#### Instructions for the task:
Starting at the top of the entries below, print each line exactly until the line with "Saint Laurent Paris" has been printed too.

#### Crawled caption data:
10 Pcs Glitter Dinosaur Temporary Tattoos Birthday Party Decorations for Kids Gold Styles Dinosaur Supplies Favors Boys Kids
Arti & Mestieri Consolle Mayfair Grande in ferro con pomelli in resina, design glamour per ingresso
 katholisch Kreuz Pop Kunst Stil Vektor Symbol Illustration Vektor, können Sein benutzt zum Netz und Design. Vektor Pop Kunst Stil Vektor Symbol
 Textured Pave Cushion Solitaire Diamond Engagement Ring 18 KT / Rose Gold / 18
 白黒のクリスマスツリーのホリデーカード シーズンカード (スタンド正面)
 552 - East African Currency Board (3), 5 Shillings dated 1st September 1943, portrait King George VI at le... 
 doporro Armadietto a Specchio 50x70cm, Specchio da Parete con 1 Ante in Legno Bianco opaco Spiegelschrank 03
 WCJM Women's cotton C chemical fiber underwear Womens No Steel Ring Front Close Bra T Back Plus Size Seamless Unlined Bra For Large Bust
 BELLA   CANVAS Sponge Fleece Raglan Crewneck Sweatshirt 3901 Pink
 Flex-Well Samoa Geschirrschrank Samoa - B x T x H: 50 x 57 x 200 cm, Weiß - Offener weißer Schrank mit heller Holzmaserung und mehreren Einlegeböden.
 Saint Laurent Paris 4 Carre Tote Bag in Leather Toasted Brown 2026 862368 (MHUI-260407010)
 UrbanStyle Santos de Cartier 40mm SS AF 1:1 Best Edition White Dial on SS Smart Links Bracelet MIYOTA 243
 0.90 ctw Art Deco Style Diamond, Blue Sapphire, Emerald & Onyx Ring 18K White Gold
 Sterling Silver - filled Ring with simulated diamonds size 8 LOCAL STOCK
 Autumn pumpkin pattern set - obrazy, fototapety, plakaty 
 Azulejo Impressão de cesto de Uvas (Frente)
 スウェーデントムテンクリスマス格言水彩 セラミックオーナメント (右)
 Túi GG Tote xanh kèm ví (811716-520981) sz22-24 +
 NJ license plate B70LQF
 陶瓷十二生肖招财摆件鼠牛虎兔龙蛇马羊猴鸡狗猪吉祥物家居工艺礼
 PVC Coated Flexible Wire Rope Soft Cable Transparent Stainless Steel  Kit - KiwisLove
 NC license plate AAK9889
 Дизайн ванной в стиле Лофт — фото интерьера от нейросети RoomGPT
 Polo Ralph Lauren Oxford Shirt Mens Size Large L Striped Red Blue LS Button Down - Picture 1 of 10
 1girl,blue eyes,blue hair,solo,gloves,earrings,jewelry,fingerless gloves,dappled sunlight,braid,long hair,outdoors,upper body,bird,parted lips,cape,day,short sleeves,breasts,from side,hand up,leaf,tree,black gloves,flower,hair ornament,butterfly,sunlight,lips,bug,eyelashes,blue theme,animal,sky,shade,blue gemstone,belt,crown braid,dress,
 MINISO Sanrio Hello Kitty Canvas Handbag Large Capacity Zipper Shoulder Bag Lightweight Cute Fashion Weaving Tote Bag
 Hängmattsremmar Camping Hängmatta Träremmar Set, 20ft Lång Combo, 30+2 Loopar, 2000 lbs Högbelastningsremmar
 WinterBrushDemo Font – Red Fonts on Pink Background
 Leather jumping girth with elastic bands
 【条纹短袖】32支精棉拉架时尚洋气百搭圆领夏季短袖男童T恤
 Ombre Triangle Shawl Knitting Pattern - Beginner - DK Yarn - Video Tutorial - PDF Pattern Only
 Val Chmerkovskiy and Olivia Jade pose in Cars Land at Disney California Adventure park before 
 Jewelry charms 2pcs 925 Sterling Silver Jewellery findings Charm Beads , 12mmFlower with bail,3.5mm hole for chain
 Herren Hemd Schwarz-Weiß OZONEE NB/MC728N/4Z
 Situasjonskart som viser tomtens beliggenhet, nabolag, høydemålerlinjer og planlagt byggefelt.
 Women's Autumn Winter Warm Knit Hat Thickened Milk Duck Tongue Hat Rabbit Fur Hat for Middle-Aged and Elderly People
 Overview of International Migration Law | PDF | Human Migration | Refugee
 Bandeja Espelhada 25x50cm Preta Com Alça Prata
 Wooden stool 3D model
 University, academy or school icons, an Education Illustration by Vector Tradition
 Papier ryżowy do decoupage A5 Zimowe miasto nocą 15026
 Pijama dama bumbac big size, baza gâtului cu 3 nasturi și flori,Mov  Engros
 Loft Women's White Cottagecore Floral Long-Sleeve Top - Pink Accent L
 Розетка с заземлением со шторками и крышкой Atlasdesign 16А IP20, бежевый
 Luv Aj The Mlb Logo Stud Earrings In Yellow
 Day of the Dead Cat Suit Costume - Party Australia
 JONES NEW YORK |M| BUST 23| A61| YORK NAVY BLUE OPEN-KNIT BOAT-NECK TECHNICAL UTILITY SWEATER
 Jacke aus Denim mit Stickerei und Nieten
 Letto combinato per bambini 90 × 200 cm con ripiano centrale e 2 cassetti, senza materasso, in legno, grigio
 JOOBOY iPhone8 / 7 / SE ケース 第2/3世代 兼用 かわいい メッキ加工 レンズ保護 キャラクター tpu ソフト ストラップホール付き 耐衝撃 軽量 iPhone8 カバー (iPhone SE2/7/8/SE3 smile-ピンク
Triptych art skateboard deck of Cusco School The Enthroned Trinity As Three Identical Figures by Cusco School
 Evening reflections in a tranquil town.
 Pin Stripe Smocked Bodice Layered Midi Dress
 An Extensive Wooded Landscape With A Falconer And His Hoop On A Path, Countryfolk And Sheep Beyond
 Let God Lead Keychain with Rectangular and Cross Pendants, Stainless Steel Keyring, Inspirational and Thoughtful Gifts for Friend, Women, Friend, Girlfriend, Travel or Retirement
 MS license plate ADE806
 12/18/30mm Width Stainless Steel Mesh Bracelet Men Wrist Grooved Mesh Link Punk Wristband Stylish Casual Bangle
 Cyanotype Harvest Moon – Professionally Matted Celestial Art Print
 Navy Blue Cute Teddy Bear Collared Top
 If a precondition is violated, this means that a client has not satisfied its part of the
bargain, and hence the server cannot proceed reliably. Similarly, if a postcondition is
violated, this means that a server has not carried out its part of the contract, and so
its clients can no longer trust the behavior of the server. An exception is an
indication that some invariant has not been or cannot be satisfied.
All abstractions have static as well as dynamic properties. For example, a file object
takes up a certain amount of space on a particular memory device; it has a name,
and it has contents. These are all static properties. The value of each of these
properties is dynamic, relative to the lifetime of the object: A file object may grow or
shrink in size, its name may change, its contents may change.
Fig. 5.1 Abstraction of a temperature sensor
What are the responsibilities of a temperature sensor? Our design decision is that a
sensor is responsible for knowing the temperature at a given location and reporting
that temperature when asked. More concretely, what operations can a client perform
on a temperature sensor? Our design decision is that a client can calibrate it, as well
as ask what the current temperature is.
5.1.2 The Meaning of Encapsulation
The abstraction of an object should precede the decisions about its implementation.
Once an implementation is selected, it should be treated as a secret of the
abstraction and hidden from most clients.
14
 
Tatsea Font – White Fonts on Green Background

#### Answer section:
10 Pcs Glitter Dinosaur Temporary Tattoos Birthday Party Decorations for Kids Gold Styles Dinosaur Supplies Favors Boys Kids
Arti & Mestieri Consolle Mayfair Grande in ferro con pomelli in resina, design glamour per ingresso
 katholisch Kreuz Pop Kunst Stil Vektor Symbol Illustration Vektor, können Sein benutzt zum Netz und Design. Vektor Pop Kunst Stil Vektor Symbol
 Textured Pave Cushion Solitaire Diamond Engagement Ring 18 KT / Rose Gold / 18
 白黒のクリスマスツリーのホリデーカード シーズンカード (スタンド正面)
 552 - East African Currency Board (3), 5 Shillings dated 1st September 1943, portrait King George VI at le... 
 doporro Armadietto a Specchio 50x70cm, Specchio da Parete con 1 Ante in Legno Bianco opaco Spiegelschrank 03
 WCJM Women's cotton C chemical fiber underwear Womens No Steel Ring Front Close Bra T Back Plus Size Seamless Unlined Bra For Large Bust
 BELLA   CANVAS Sponge Fleece Raglan Crewneck Sweatshirt 3901 Pink
 Flex-Well Samoa Geschirrschrank Samoa - B x T x H: 50 x 57 x 200 cm, Weiß - Offener weißer Schrank mit heller Holzmaserung und mehreren Einlegeböden.
 Saint Laurent Paris 4 Carre Tote Bag in Leather Toasted Brown 2026 862368 (MHUI-260407010)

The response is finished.